Feeds

Spotting a Big Data faker as you set up Big Data for someone

It says here on your CV....

Next gen security for virtualised datacentres

Having read my last Big Data piece, I fear that some of you will try to blag your way out of the declining Oracle/Java/VB market without the legs to support what’s on your CV.

This article is not for you: it’s for the poor souls who have to catch you out whilst trying to get in someone who’s at least mildly competent. There are no qualifications yet that even pretend to establish the bona fides of people applying in this field, so you’re into the world of pattern matching and instinct. Your HR department has negotiated hard to reduce what they pay recruiters, which means you pay more than you should for less service than you need (a headhunter writes - Ed). Few recruiters have ever coded anything so a trawl for Big Data will turn up a wide spread of CVs which have the right buzzwords. Your job is to lose 99 per cent of them.

Degeneration Game

Since you’re a manager, you’re probably a generation or maybe two behind what the footsoldiers are actually doing with Big Data. You won’t have hands on experience with the tech so you may have to fall back on the audit approach.

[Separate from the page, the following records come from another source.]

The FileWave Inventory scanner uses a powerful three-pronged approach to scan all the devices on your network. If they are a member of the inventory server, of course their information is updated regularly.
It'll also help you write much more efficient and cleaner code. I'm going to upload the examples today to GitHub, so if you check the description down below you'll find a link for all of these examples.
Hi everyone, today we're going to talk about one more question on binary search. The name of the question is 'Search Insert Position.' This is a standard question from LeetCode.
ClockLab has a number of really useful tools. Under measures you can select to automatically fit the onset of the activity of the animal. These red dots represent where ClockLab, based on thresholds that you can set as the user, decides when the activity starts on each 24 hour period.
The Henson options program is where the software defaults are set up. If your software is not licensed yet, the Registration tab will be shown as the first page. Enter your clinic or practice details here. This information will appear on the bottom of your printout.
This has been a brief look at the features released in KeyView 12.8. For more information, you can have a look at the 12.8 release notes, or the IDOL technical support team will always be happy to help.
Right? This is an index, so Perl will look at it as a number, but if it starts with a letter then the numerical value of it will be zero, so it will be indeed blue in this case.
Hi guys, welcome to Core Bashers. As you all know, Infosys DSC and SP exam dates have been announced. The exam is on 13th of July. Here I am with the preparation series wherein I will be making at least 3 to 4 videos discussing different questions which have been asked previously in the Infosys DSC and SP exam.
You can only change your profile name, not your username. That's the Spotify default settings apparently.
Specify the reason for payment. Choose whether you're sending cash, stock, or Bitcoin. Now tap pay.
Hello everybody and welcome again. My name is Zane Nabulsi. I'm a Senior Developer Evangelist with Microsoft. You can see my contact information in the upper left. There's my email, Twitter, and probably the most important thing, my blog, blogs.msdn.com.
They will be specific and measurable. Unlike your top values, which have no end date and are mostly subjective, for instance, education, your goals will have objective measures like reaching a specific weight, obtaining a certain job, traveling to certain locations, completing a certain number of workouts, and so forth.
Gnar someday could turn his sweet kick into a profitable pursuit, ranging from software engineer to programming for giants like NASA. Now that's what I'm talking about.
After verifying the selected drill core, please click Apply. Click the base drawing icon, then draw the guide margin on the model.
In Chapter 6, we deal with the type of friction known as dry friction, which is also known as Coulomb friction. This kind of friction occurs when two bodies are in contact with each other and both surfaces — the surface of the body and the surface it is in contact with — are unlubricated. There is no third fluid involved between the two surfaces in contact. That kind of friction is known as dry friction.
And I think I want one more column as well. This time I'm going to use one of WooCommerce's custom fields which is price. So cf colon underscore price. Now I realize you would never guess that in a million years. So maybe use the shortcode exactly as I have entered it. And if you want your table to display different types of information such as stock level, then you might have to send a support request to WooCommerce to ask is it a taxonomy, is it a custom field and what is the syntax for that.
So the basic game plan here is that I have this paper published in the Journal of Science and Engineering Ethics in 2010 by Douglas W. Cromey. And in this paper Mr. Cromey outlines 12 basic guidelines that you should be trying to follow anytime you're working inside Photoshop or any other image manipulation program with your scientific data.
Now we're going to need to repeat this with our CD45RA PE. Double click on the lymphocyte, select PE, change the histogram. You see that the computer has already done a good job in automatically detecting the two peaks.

People rarely tell just one lie on their CV; and they find it hard to look you in the eye and actually say something they know to be false, rather than bigged up a little. That allows you to filter by asking detailed questions about things they claim to have done which you do understand. Then you can work on the principle that if they exaggerate their Python skills, odds are they’re doing that with what you need as well.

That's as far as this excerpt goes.